Его разговоры с Объедком всегда так кончались. Вообще без учителя его речи, — он сам это знал, — только воздух портили, расплываясь в нём без оценки и внимания к ним; но не говорить — он не мог. И теперь, обругав своего собеседника, он чувствовал себя одиноким среди своих людей. А говорить ему хотелось, и потому он обратился к Симцову:
— Ну, а ты, Алексей Максимович, куда приклонишь свою седую голову?
Старик добродушно улыбнулся, потёр рукой свой нос и объявил:
— Не знаю… Увижу!
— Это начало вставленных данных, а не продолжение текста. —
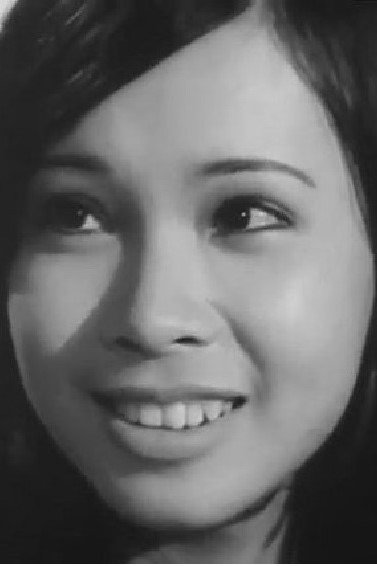 Wong Oi-Ming as Chan Siu-ling in Anna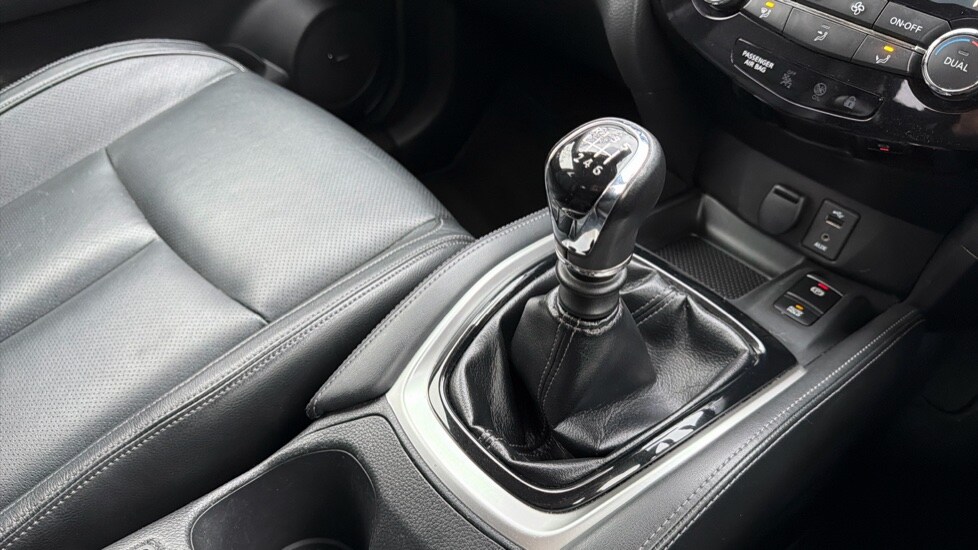 Used Nissan X-Trail 2019 for sale - 76652551: Photo 30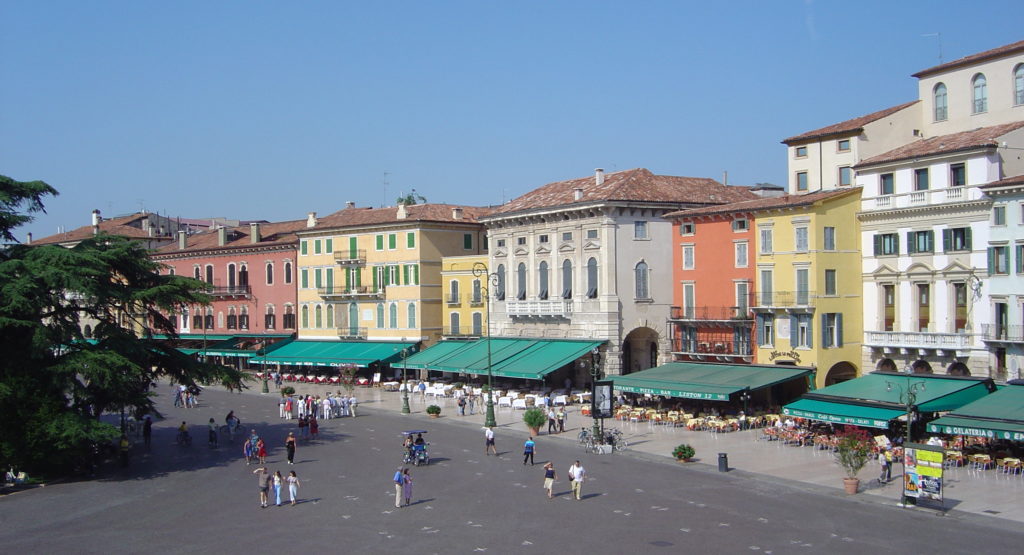 Servizi Sociali: Sabato 8 e domenica 9 aprile in piazza Bra la presentazione del progetto UILDM “Giocando si impara”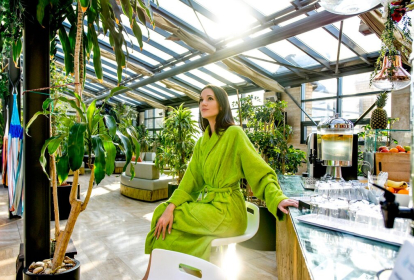 Budapest Chillen in der Therme mit Cocktail image 1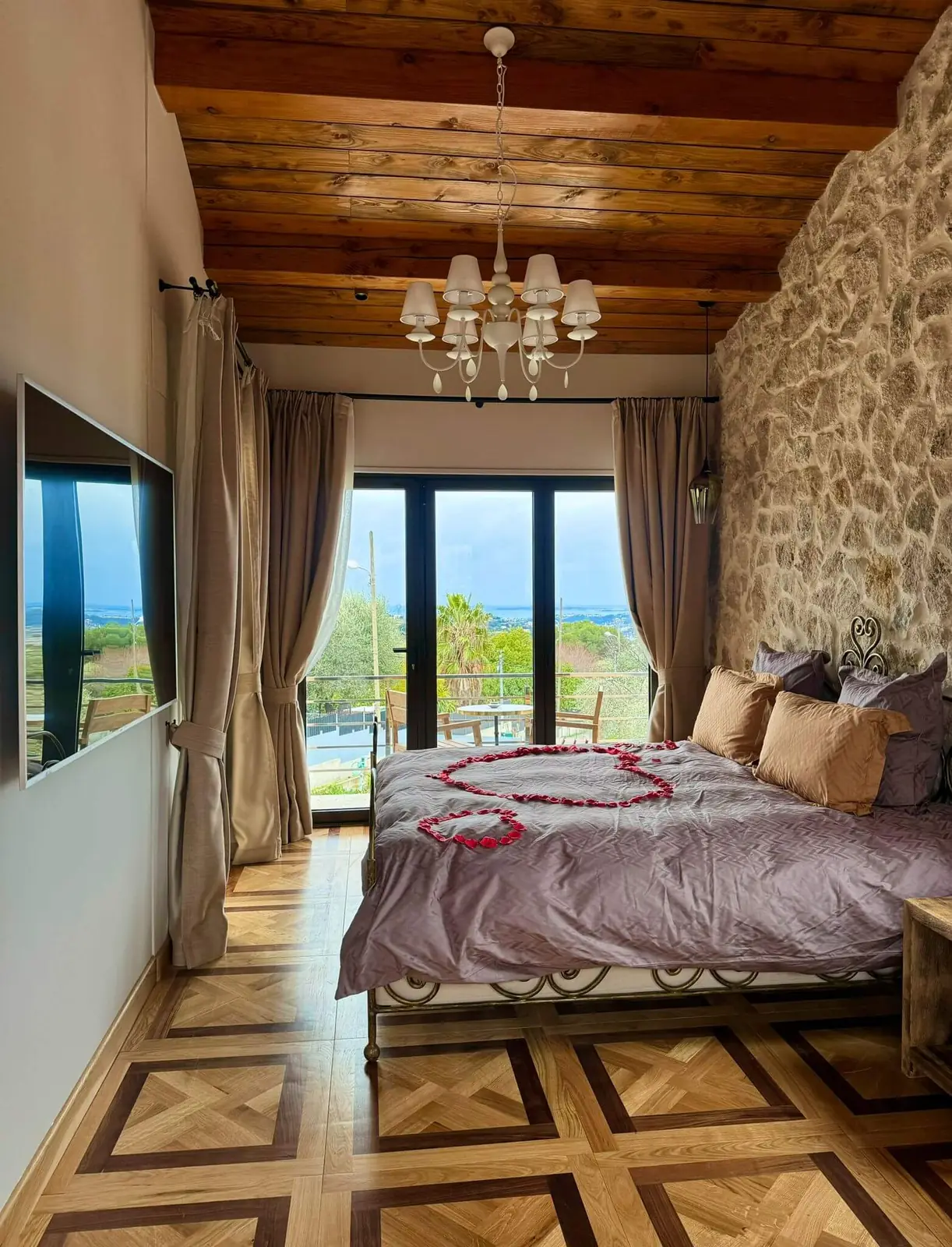 Lit – Suite Deluxe – Vue sur mer, maison d'hôtes L'Escondida à Nice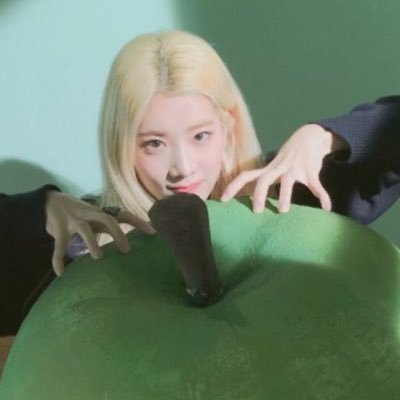 eighteezs's profile picture. kim junghoon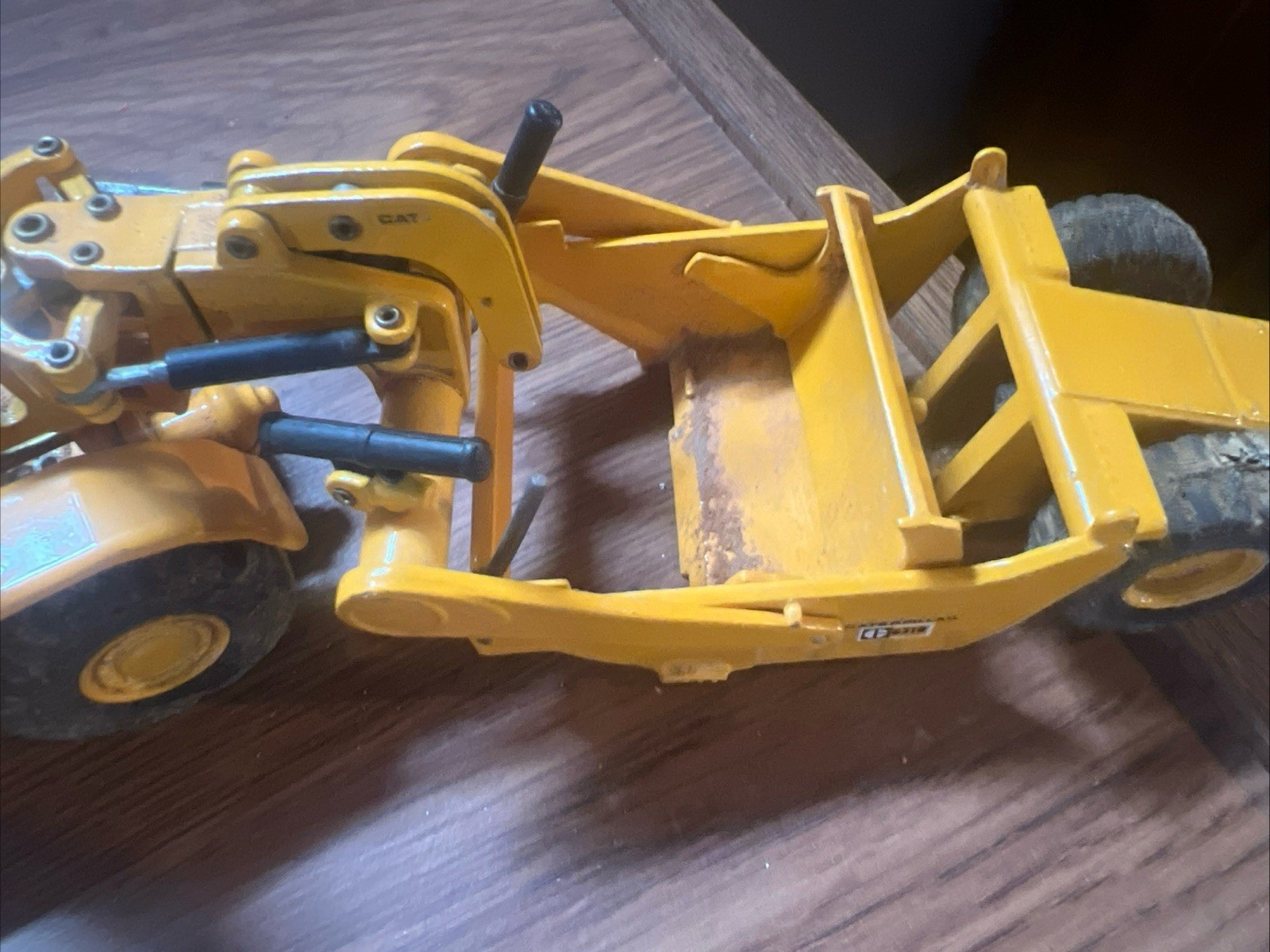 Caterpillar Cat 631E Wheel Tractor Scraper 1:50 Scale Spain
Наше дело маленькое: выпил, да ещё!
— Почтенная, хотя и простая задача! — похвалил его ротмистр.
Симцов, помолчав, добавил, что он устроится скорее всех их, потому что его женщины очень любят. Это была правда: старик всегда имел двух-трёх любовниц-проституток, содержавших его по два и три дня кряду на свои скудные заработки. Они часто били его, но он относился к этому стоически; сильно избить его они почему-то не могли — может быть, жалели. Он был страстный женолюбец и рассказывал, что женщины — причина всех несчастий его жизни. Близость его отношений к женщинам и характер их отношений к нему подтверждались и частыми болезнями его, и костюмом, всегда хорошо починенным и более чистым, чем костюмы товарищей. Теперь, сидя на земле у дверей ночлежки в кругу своих товарищей, он хвастливо начал рассказывать, что его давно уже зовёт Редька жить с ней, но он не идёт к ней, не хочет уйти из компании.
Его слушали с интересом и не без зависти. Редьку все знали — она жила недалеко под горой и недавно только отсидела несколько месяцев за вторую кражу. Это была «бывшая» кормилица, высокая и дородная деревенская баба, с рябым лицом и очень красивыми, хотя всегда пьяными глазами.
— Ишь ты, старый чёрт! — выругался Объедок, глядя на самодовольно улыбавшегося Симцова.
— А почему они меня любят? Потому что я знаю, чем жива их душа…
— Н-да? — вопросительно воскликнул Кувалда.
— Умею заставить их жалеть меня. А женщина, когда она пожалеет, — хоть зарежет из жалости. Плачь перед ней, проси её убить тебя, пожалеет и убьёт…
— Это я убью! — решительно заявил Мартьянов, усмехаясь своей мрачной усмешкой.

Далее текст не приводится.